Florida Democrat Josh Weil, the once little-known progressive teacher who stunned the political world in March by raising nearly $14 million for a failed congressional special election bid, is now running to become the Sunshine State’s next senator.

Weil is the first major Democratic candidate to file for the 2026 Senate race. “I'll be everywhere,” Weil said of his planned campaign tour across the state, which kicks off Wednesday at a veterans center in conservative Clay County.

By entering the race, Weil hopes to replace Sen. Ashley Moody, a Republican selected by Gov. Ron DeSantis in January to replace Marco Rubio once he became secretary of State.

Moody, a former state attorney general who shares a close relationship with U.S. Attorney General Pam Bondi, brought in $1.2 million through her joint fundraising committee and raised roughly $400,000 in her campaign account during the first three months of this year for the 2026 election. She has yet to attract a serious primary challenger.

She also has brought together a campaign apparatus that looks similar to the team that helped Donald Trump to victory in 2024, one that includes pollster Tony Fabrizio and former Trump campaign co-chair Chris LaCivita at a super PAC supporting her election. Her ties to key players in the Trump orbit are a sign the president is unlikely to support a challenger during the GOP primary, even though DeSantis picked Moody without asking for Trump’s permission or blessing.

Trump’s involvement in the state he calls home could make Weil’s Senate bid more difficult. He previously sought the Democratic nomination for Senate during the 2022 cycle, but lost to former Rep. Val Demings — who went on to lose to Rubio by 16 points despite massively outfundraising him. Weil said that in the next 17 months Trump’s favorability could fall, even in Florida, citing his tariff announcements as an example.

“By this time next year,” Weil said, “we could see Ashley Moody trying to distance herself from Trump to save her political campaign.”

The House seat Weil ran for in April opened up after Mike Waltz joined the Trump administration as national security adviser, only to be mired in a messaging scandal months later that resulted in Trump instead nominating him to be confirmed as the next U.N. ambassador. Republican Randy Fine, a former state legislator, won that race by 14 points.

But because Trump and DeSantis both won those areas by more than 30 points in 2024 and 2022, respectively, Democrats said they viewed their overperformance as a backlash to Trump. Much of Weil’s fundraising during that election came from small-dollar donors outside Florida, including through targeted texts and emails, as well as social media ads.

It’s not clear the same fundraising machine will bear out for Weil in 2026. The special election was one of the few federal contests giving Democrats an early opportunity to fundraise against Trump, particularly given a narrow GOP House majority. Weil said he expected the Senate race to be a $100 million contest — a total that’s typical for competitive races in Florida but that has become less frequent in recent cycles as the state has become more red.

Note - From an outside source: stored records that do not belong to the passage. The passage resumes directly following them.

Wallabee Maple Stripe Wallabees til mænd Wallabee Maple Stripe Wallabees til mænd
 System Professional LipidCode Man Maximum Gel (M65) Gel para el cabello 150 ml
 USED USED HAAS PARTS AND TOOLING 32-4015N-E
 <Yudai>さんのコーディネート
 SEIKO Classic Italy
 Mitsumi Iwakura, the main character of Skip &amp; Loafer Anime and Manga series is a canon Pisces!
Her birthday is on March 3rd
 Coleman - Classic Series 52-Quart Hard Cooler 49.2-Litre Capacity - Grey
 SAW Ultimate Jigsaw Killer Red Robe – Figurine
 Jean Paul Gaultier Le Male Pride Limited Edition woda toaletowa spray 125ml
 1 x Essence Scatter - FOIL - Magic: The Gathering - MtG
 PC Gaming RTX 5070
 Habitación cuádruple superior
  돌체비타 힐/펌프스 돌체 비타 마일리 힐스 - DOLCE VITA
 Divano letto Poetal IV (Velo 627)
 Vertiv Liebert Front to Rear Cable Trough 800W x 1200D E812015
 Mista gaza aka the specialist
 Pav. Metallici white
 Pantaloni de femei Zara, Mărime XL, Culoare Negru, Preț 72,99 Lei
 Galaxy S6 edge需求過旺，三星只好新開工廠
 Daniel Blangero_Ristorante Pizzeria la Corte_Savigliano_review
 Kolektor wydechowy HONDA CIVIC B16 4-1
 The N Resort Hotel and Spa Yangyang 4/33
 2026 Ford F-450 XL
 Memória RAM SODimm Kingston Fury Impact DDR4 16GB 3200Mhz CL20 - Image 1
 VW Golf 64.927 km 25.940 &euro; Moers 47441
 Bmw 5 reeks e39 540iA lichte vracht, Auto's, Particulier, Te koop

“We built a massive fundraising infrastructure,” Weil said of the April election. “We firmly believe that we have the largest data bank and fundraising infrastructure in the country right now, and so applying the practices that we did with the data we have, at the level we did, is going to bear out pretty consistent results.”

He pledged to put 10 cents on every dollar he raised toward voter registration, where Republicans have a 1.3-million-person edge, and committed to paying all his campaign staff well.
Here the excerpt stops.